**Exercise prompt**. Transcribe exactly the lines that fall between the one holding "Meet your Posher, Nia" and the one holding "Moradia T7 para", inclusive, from the entries below.

**Given entries**.
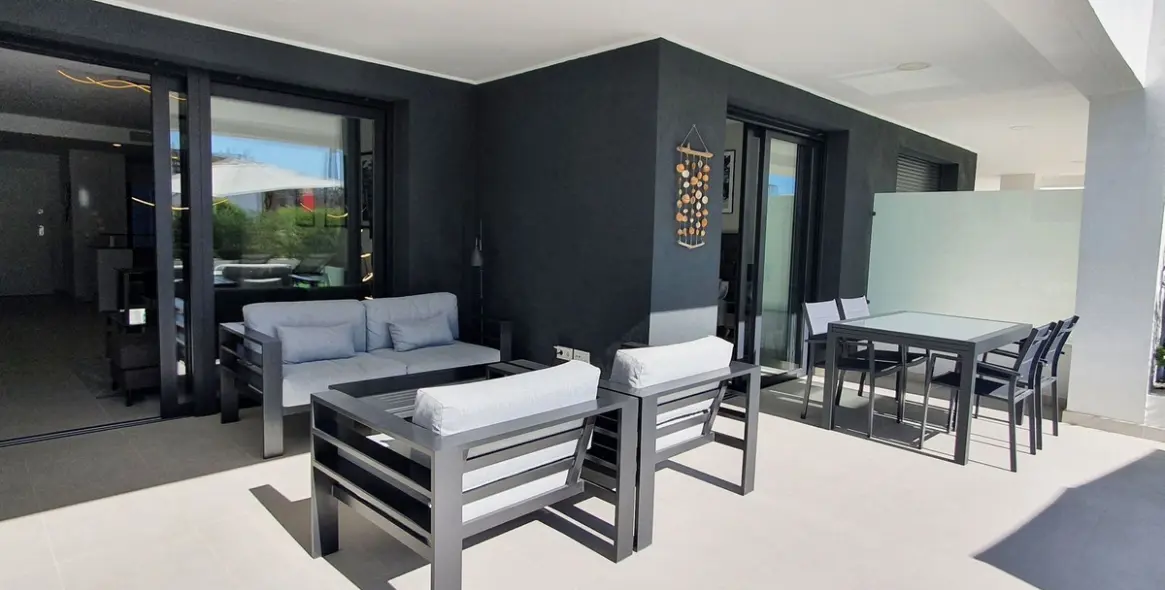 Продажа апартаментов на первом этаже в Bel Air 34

--

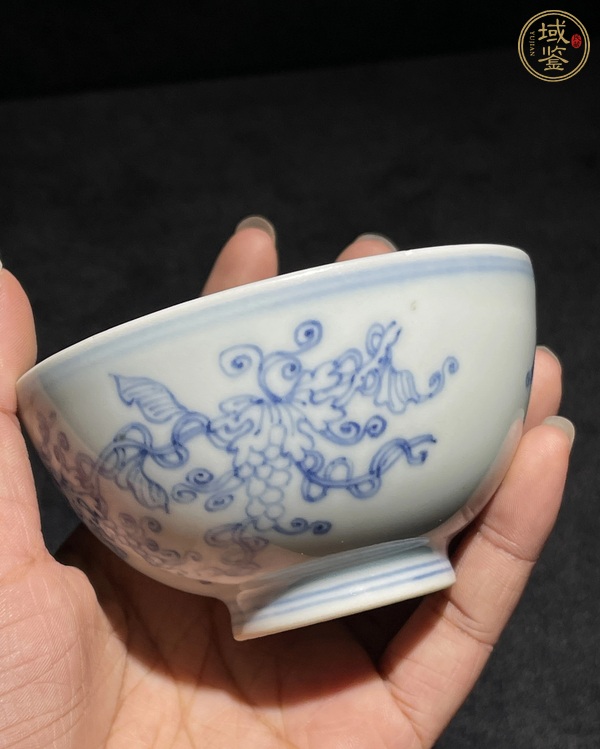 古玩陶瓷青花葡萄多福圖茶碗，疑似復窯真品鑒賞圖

* * *

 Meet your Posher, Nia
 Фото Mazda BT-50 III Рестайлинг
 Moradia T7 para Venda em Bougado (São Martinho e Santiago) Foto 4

**Output for this exercise**.
 Meet your Posher, Nia
 Фото Mazda BT-50 III Рестайлинг
 Moradia T7 para Venda em Bougado (São Martinho e Santiago) Foto 4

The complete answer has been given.